Data supplied ▸
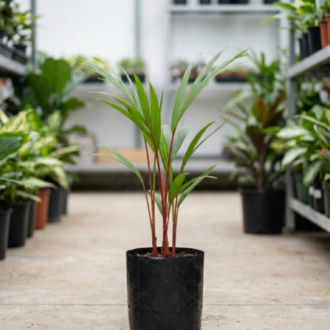 Red Palm | Cyrtostachys Renda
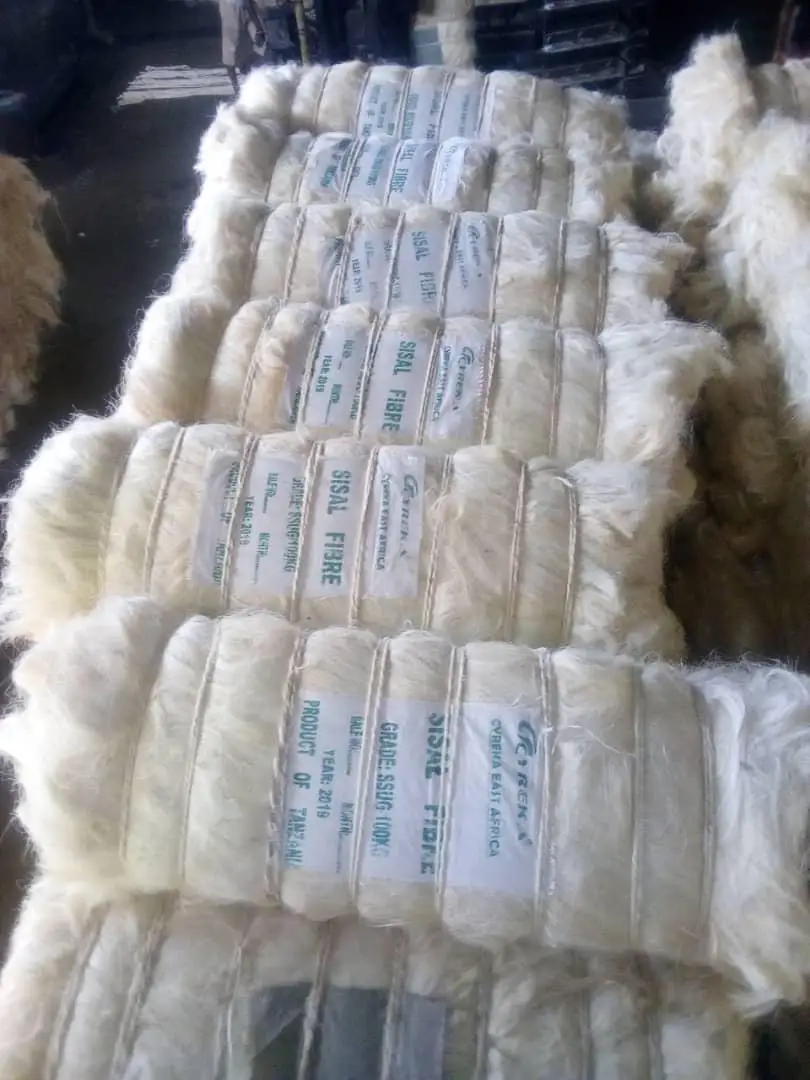 Wholesale of Sisal Fiber Packed in Bales of 100 kgs, 200 kgs and 250 Kgs with Custom Packing Available at Cheap Price
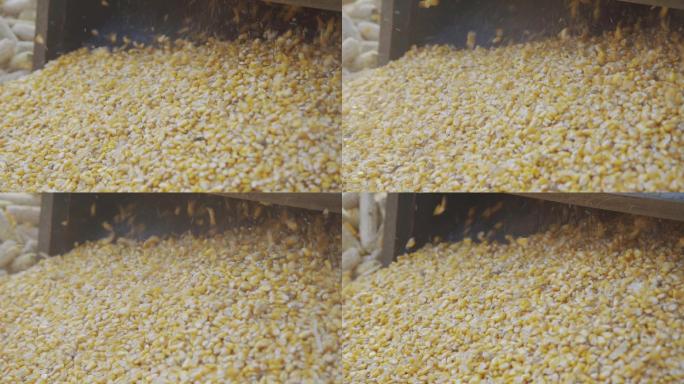 【原创】玉米脱粒慢镜头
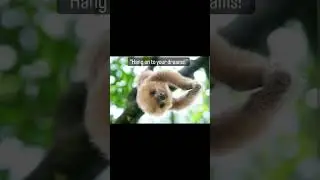 🦥 #inspiration #cuteanimals #funnyanimals #motivational #sloth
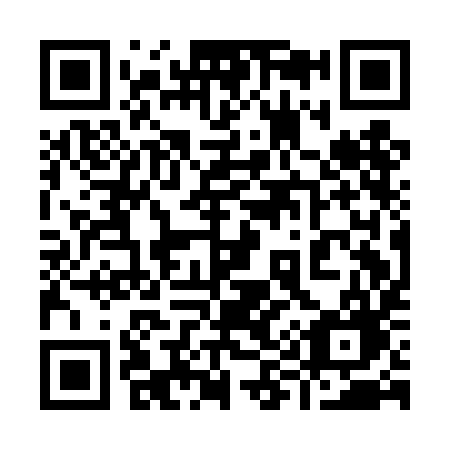 QR code for 991DIG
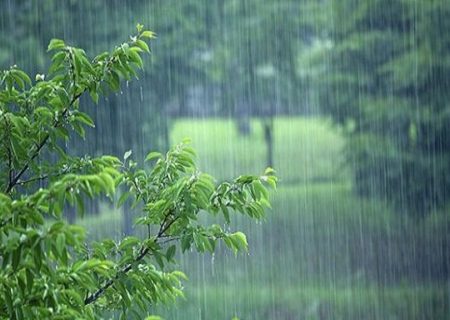 رگبار پراکنده باران در بیشتر نقاط کشور/ وزش باد در شرق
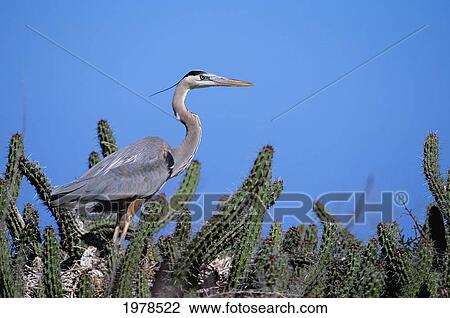 Stock Image - Mexico, Sea Of Cortez, Closeup Of A Great Blue Heron On A Nest In Cactus.. Fotosearch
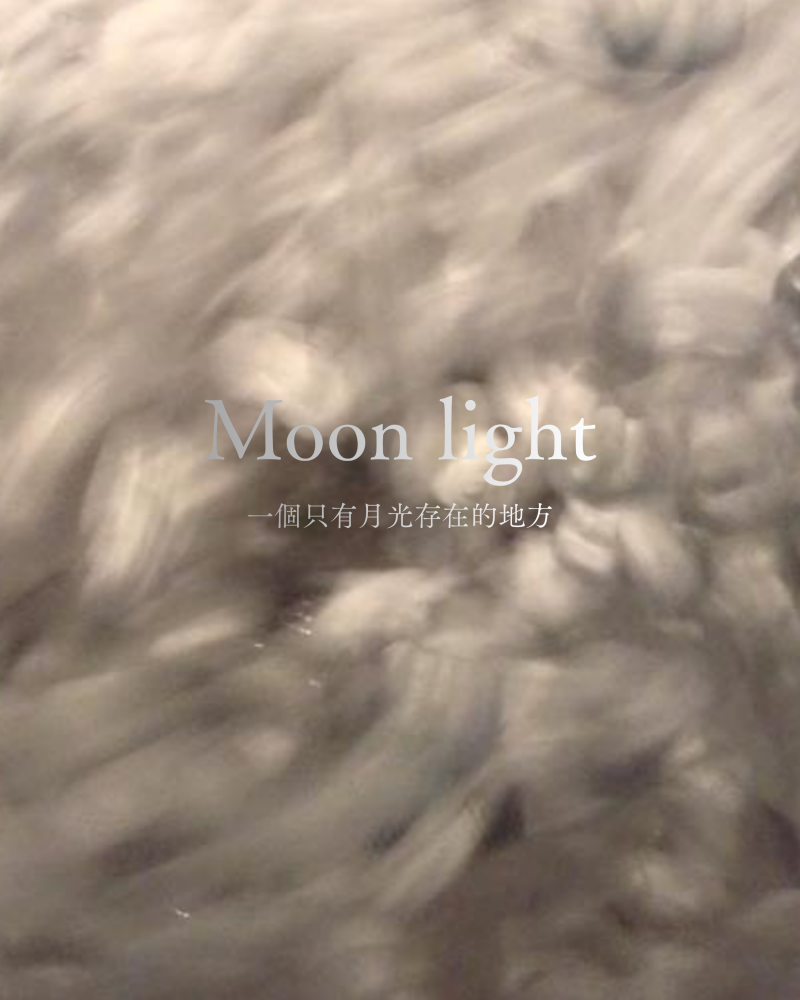 Moon lightimage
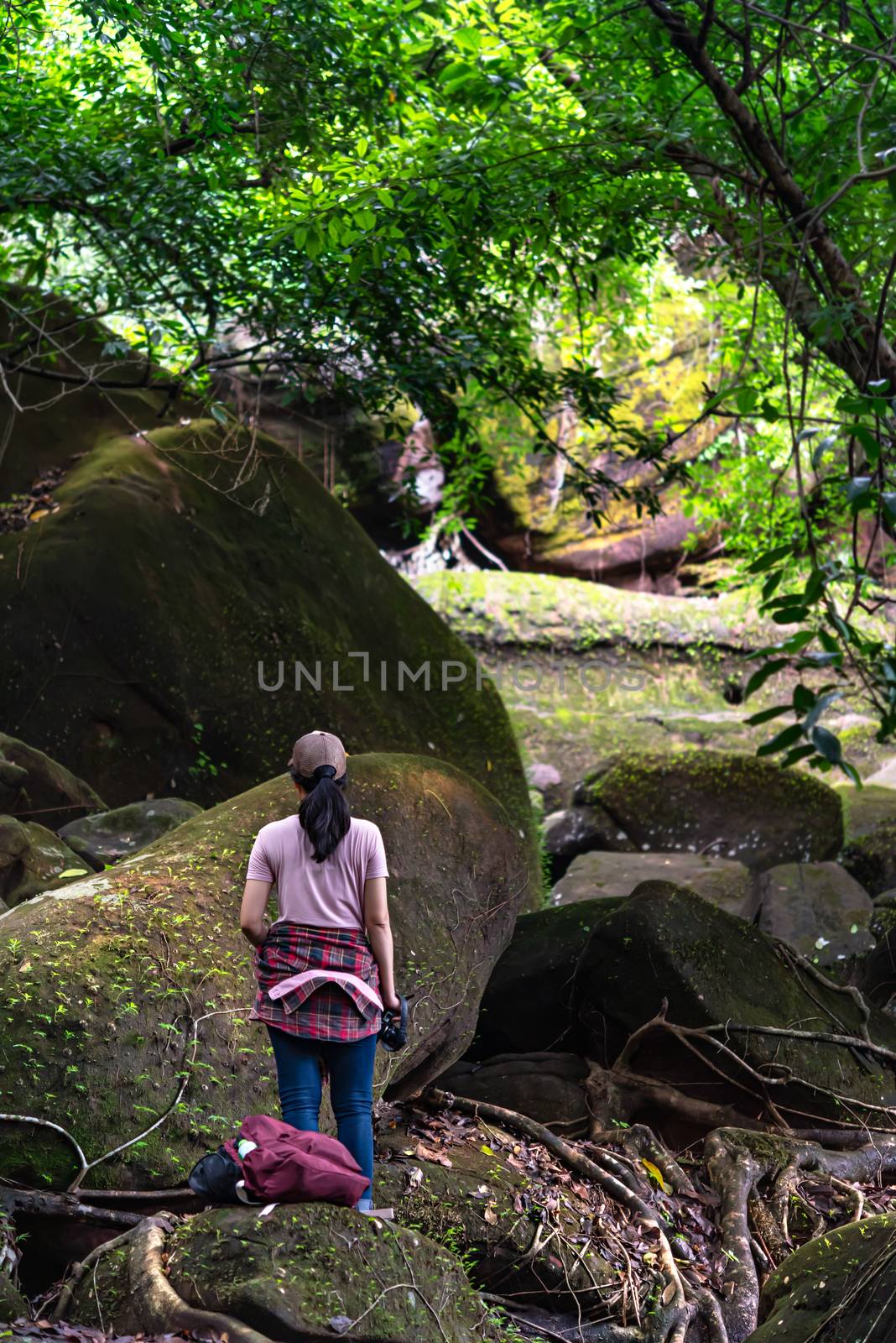 back view photo of girl backpacker travel in rainforest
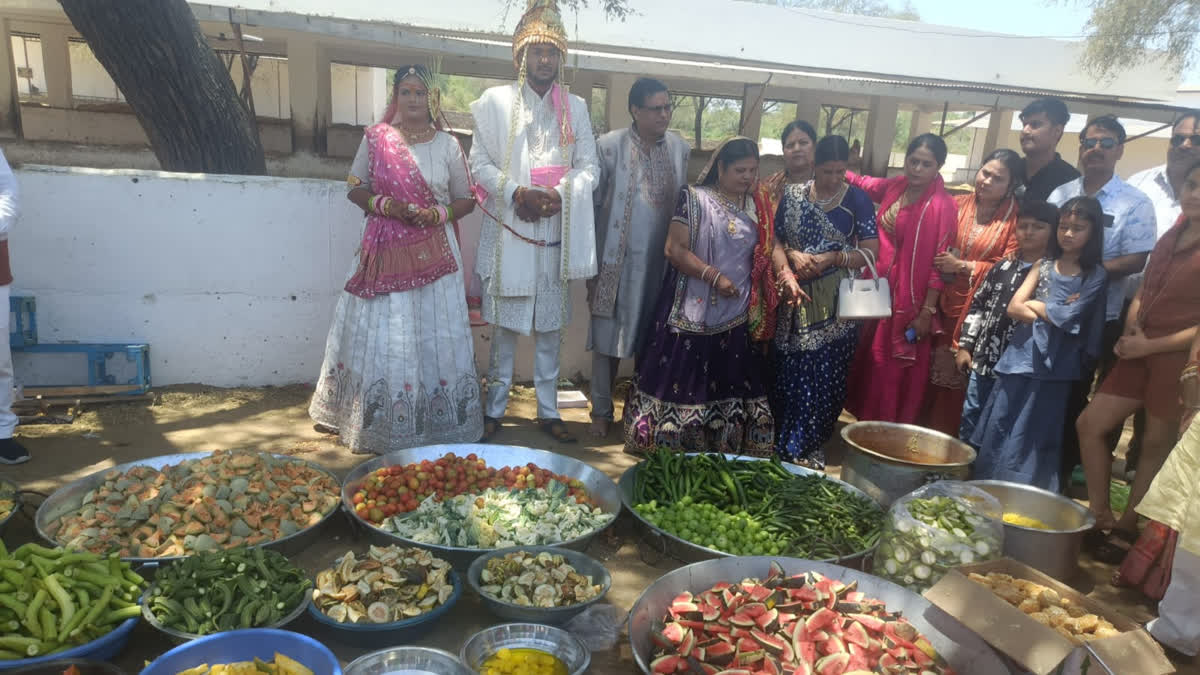 Setting An Example, Ayushi & Nikhil From Rajasthan Host Wedding In Gaushala, Offer 'Chhappan Bhog' To Cows Setting An Example, Rajasthan Family Hosts Wedding In Gaushala; Follows Unique Rituals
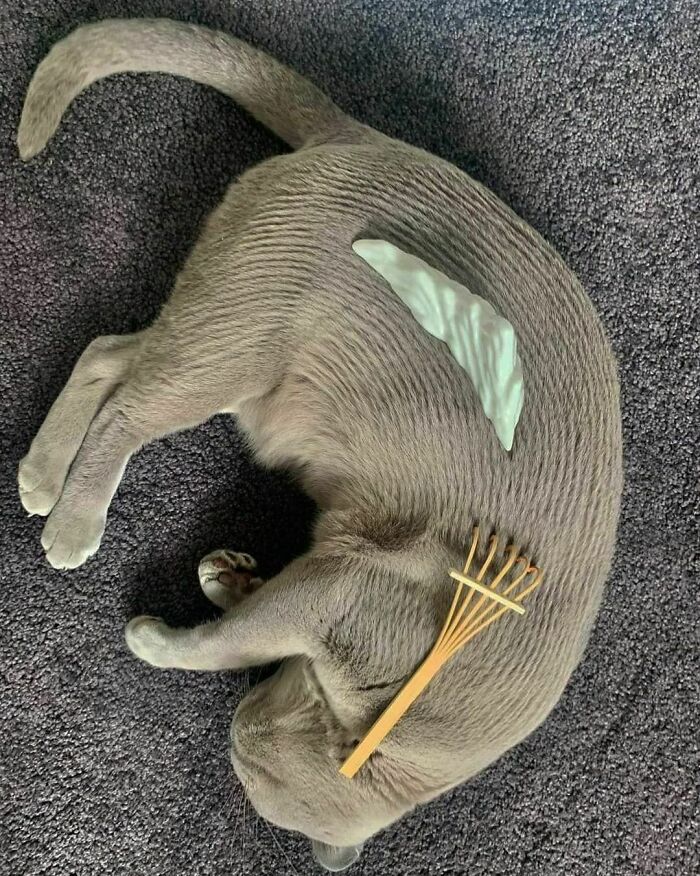 50 Nonsensical Animal Pics That Raise More Questions Than They Answer (New Pics)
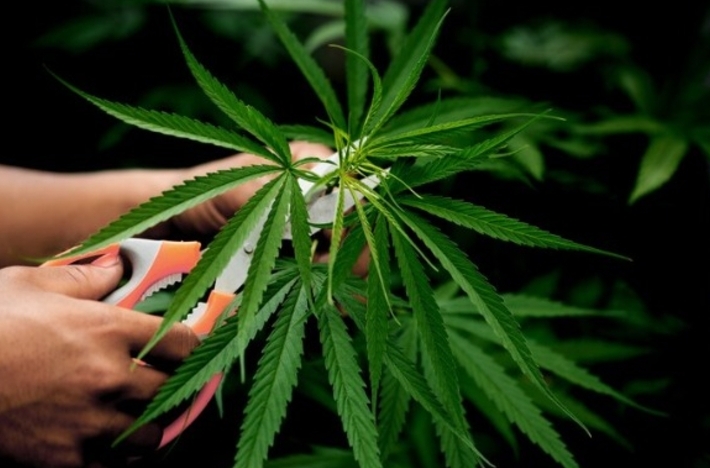 Justiça barra cultivo de cannabis medicinal no Amazonas por documentação vencida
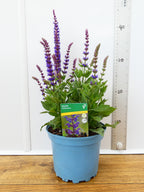 Salvia 'Ost Friesland' (2ltr)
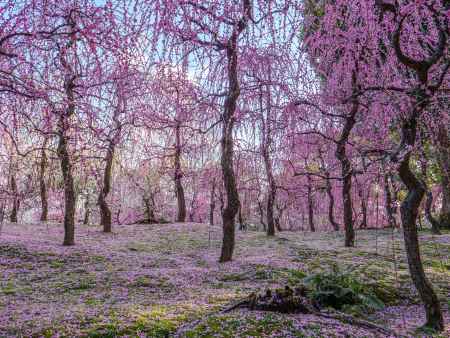 枝垂れ梅と花びら絨毯④　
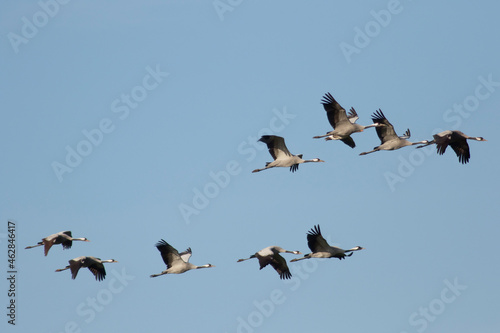 Germany, Flock of common cranes (Grus grus) flying against clear blue sky photo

Work task ▸
Give back exactly the lines above from the one with "QR code for 991DIG" through the one with "Justiça barra cultivo", both included. Pictures don't belong in the copy.

Exercise answer ▸
 QR code for 991DIG
 رگبار پراکنده باران در بیشتر نقاط کشور/ وزش باد در شرق
 Stock Image - Mexico, Sea Of Cortez, Closeup Of A Great Blue Heron On A Nest In Cactus.. Fotosearch
 Moon lightimage
 back view photo of girl backpacker travel in rainforest
 Setting An Example, Ayushi & Nikhil From Rajasthan Host Wedding In Gaushala, Offer 'Chhappan Bhog' To Cows Setting An Example, Rajasthan Family Hosts Wedding In Gaushala; Follows Unique Rituals
 50 Nonsensical Animal Pics That Raise More Questions Than They Answer (New Pics)
 Justiça barra cultivo de cannabis medicinal no Amazonas por documentação vencida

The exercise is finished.